= Material for the task =
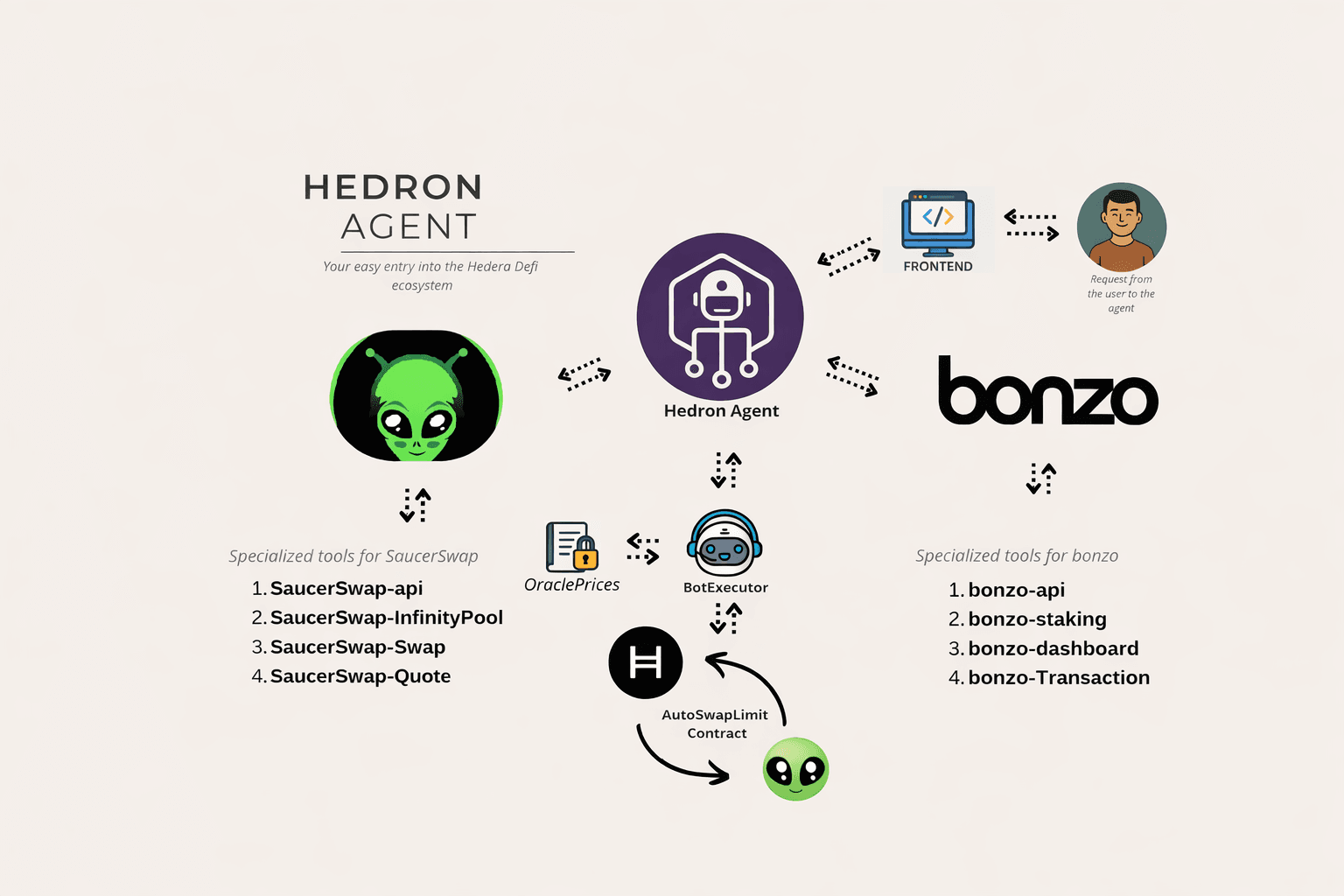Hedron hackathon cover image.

==

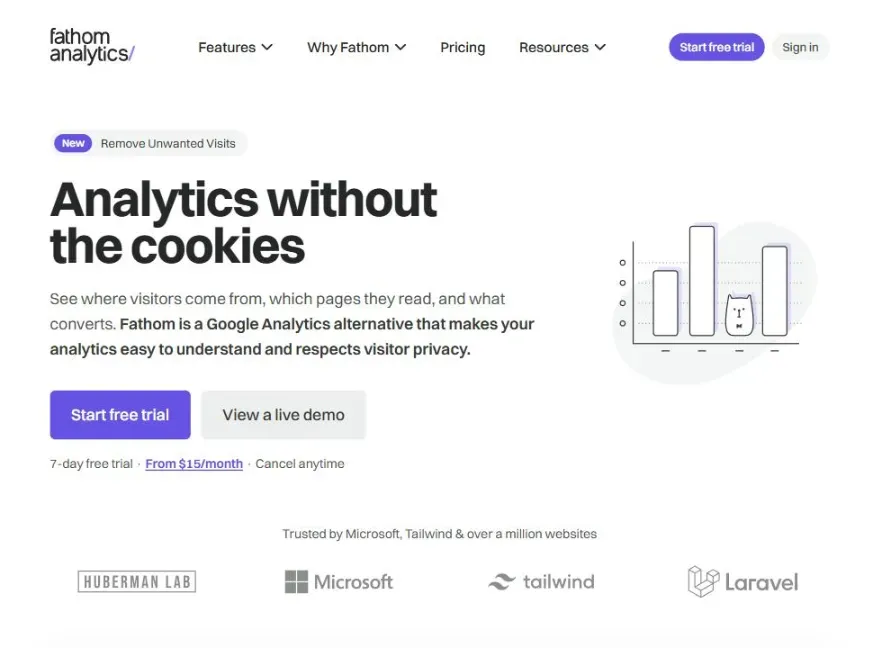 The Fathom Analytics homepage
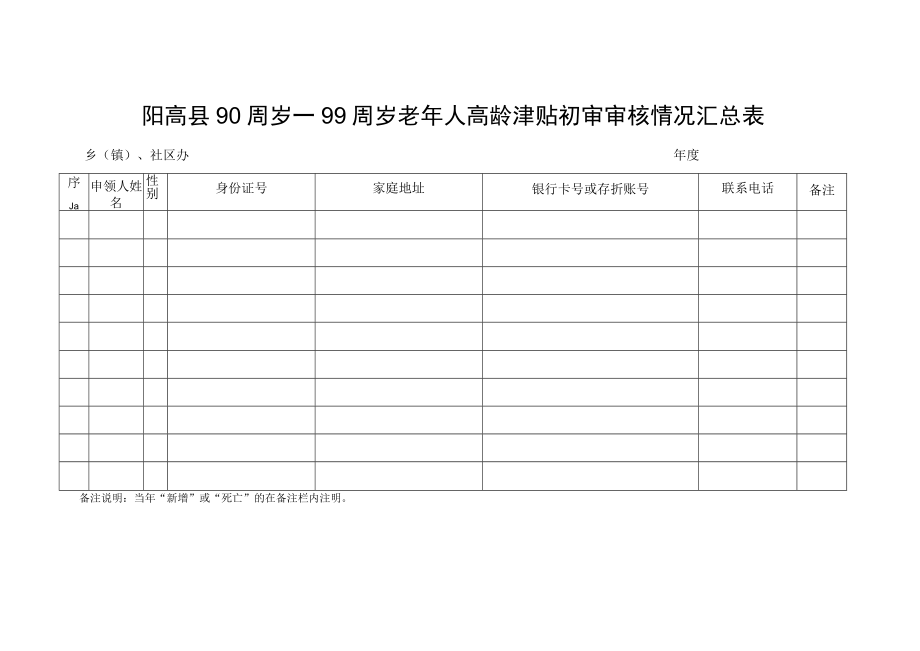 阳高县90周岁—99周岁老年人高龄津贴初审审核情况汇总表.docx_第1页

...

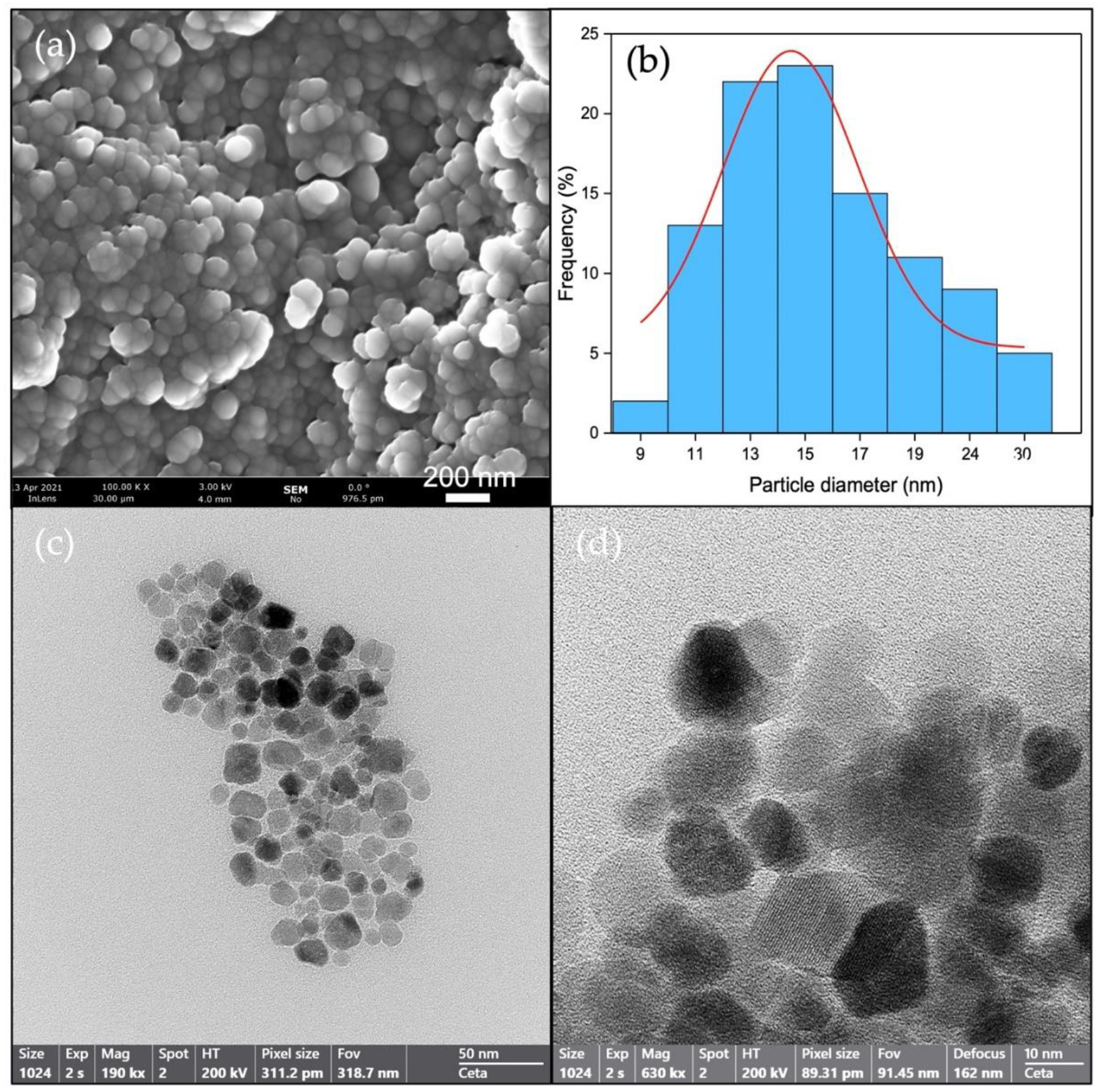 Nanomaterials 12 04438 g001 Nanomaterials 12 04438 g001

= Your instructions =
Both the line containing "The Fathom Analytics homepage" and the line containing "阳高县90周岁—99周岁老年人高龄津贴初审审核情况汇总表.docx_第1页" above belong in the output, as do the lines between them. Print them exactly, without pictures.

= Answer section =
 The Fathom Analytics homepage
 阳高县90周岁—99周岁老年人高龄津贴初审审核情况汇总表.docx_第1页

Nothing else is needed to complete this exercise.